Data were presented as mean of triplicates ± SD. Three independent experiments were carried out as indicated. Statistical analysis was performed with one-way or two-way analysis of variance (ANOVA) with Tukey’s multiple comparisons test. Student’s t-test was used for TPC and DPPH assays. P values less than 0.05 were considered statistically significant. GraphPad Prism 7.0 software (San Diego, CA, USA) was utilised for the analysis.
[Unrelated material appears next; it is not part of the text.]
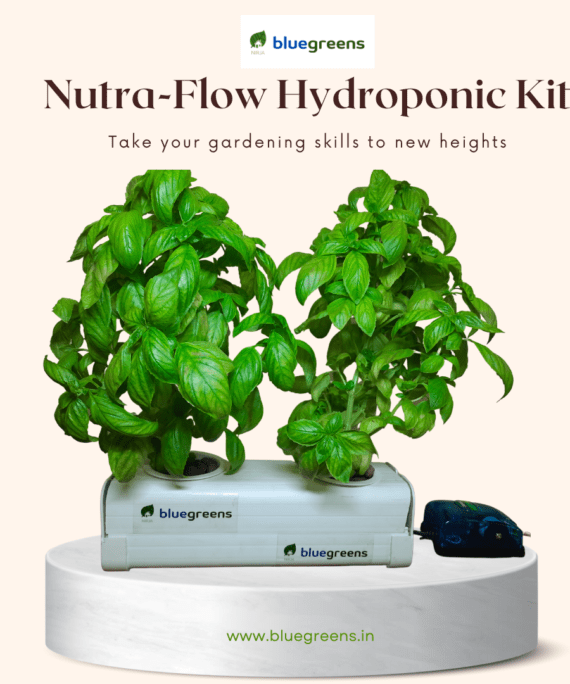 Nutri-Flow Hydroponic Kit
3.1. Total Phenolic Content (TPC) and 2,2-Diphenyl-1-Picrylhydrazyl (DPPH) Scavenging Activities of Hot Water (HE-HWA) and Ethanolic (HE-ETH) Extracts

Hot water extraction gave a significantly (p < 0.0001) higher total phenolic contents (3.50 ± 0.09 mg/g GAE) compared to ethanolic extract with 2.17 ± 0.03 mg/g GAE (Figure 1A). However, their DPPH scavenging abilities were not significantly (p > 0.05) different (Figure 1B). HE-HWA at 1 mg/mL scavenged 13.75 ± 1.01% of DPPH free radicals which was comparable to HE-ETH with 13.93 ± 1.64%.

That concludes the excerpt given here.